In the course of messing around, we came across a video on YouTube.com recently that made us wonder if what we try to do every spring is worth being sprung on everyone else:
It’s really not that difficult if you’ve done it now, what, more than 10 years …
A dozen years? Jeez.
The 2019 edition of new baseball books is really more than 30 total as we find. The first couple days alone are combined entries, because of how they best relate and can be compared and contrasted.
A year ago, our baseball book colleague Ron Kaplan was nice enough to post a review of our review, saying one of “the big regrets was not following Tom Hoffarth’s excellent annual project of reviewing 30 baseball books in 30 days.” The home for this now is on this website, and it seems sufficient enough to find.
As we start this off we also found an excerpt from a column by the late, great Dan Jenkins, from his August 2018 collection: “Sports Makes You Type Faster: The Entire World of Sports By One of the Most Famous Sportswriters” (Texas Christian University Press, $32, 200 pages):
“There’s a poetry that certain baseball writers discover about our national pastime. The poetry results when the baseball writer transforms himself from a seamhead into a member of the literati.
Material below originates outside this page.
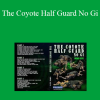 Lucas Leite - The Coyote Half Guard No Gi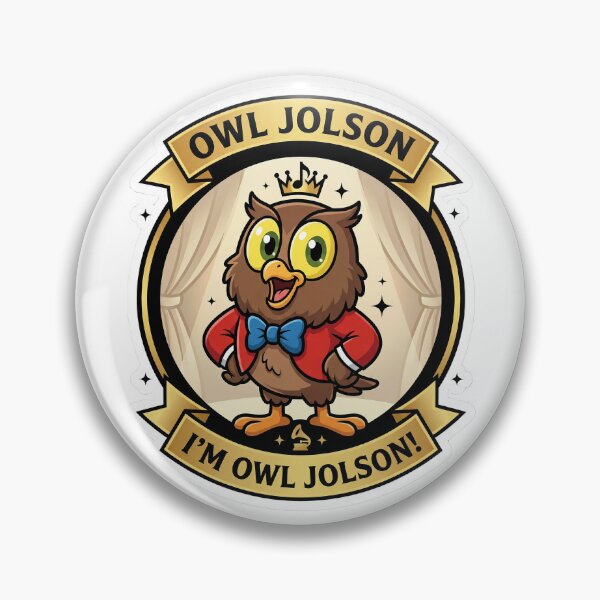 Item preview, Owl Jolson “I’m Owl Jolson!” designed and sold by BADGECRAFT STUDIO.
He will stop writing his tough, hard-hitting ledes — ” Chico likes to throw at white guys, his father mowed their lawns” — and lapse into describing a win stream as something ephemeral and a slump as a catharsis. His byline should read Ralph Waldo Spellcheck.”
Most of these books coming up, if written that way, will get marked down. You can’t baffle us with your bullshit.
So starting April 1, we roll … activate spellcheck, please.